Gutbrain Records


Saturday, 2006 March 25

So far this year I've watched 32 movies and two of the best ones have been so-called family entertainment, National Velvet and Wallace & Gromit: The Curse of the Were-Rabbit. I watched Finding Nemo, too, and while I enjoyed it, I found myself wondering, what is it with Disney and killing the main character's mother? I'm not sure I'd want my child to watch Bambi. National Velvet and Wallace & Gromit are much better. That early Technicolor process creates a look that's like painting come to life. Lassie is another good one.

Today I watched Tetsujin 28-go, last year's live-action movie of a much loved Japanese comic book and cartoon known here as Gigantor. The special effects were very good but the movie was surprisingly subdued.

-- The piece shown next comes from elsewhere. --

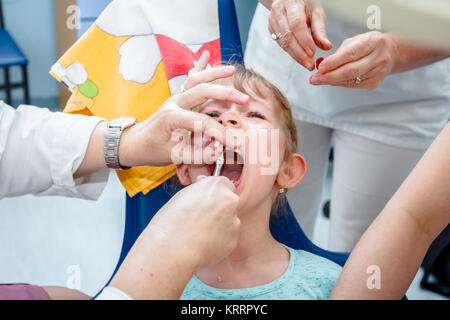 Preschooler child is at dentist office, medical forceps are extracting a milk tooth. Stock Photo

The robots look great but they mostly stand in one place and take very slow punches at each other. Is this what the original was like? I haven't seen it, but I suspect it had more action.

I wish there had been more action in Tsui Hark's The Chinese Feast, which I watched a few days ago. I'd seen it when it came out, in 1995, no doubt at the Music Palace, but I didn't remember it. The cooking scenes are great but there are too few of them. Tsui Hark was apparently aiming at a mish-mash of Wong Kar Wai, Iron Chef and a typical Hong Kong New Year's comedy film. It made me sad to see Leslie Cheung, who has the lead role. I don't think I've seen one of his movies since he committed suicide a couple of years ago.

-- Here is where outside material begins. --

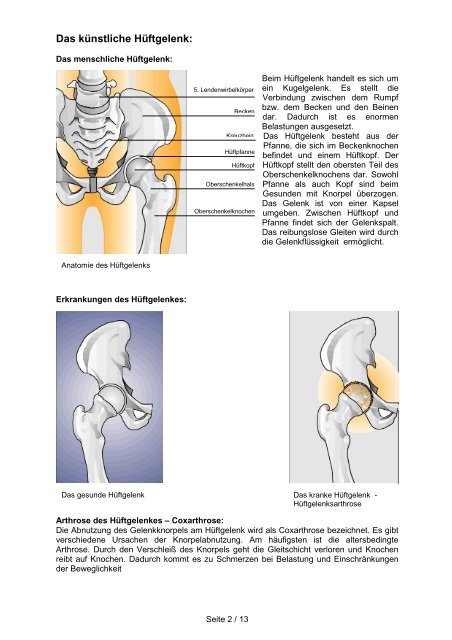 Das kÃ¼nstliche HÃ¼ftgelenk: - Klinikum Friedrichshafen GmbH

Red Peony Gambler 2: Gambler's Obligation is not as good as the first movie in the series. Director Norifumi Suzuki seems always to have trouble concentrating on plot and pacing and will go ambling after one exploitation element after another, as if they were wills-o'-the-wisp. Tai Kato, whose work I usually enjoy, made the third movie in the series, so I'm looking forward to that. What was the plot of this one? Oh, yeah, something about gangsters wanting to take over small businesses.

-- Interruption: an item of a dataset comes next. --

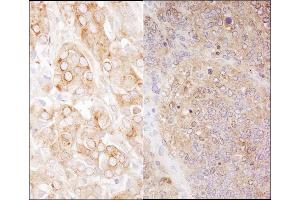 Immunohistochemistry (IHC) image for anti-Eukaryotic Translation Elongation Factor 2 (EEF2) (AA 808-858) antibody (ABIN7454538) (EEF2 antibody  (AA 808-858))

The well regarded 1952 film, directed by Anthony Asquith, of The Importance of Being Earnest was as good as I'd expected and contained a surprising bonus. While watching it I realized that Oscar Wilde's play must join the list of literary allusions in Alice Munro's short story "Wenlock Edge", published in The New Yorker a few months ago. I think this story is both very diffferent from most of her work and one of her best. You can read it here.

A quick word of advice to people making movies out of plays. Don't "open up" the play by contriving to photograph all sorts of exteriors and movements which we wouldn't have seen on stage. At the least, this usually throws the scale out of proportion. Asquith's film of Earnest only has two brief instances of this but one of them is quite detrimental, ruining a character's surprise entrance for the sake of some lame humor.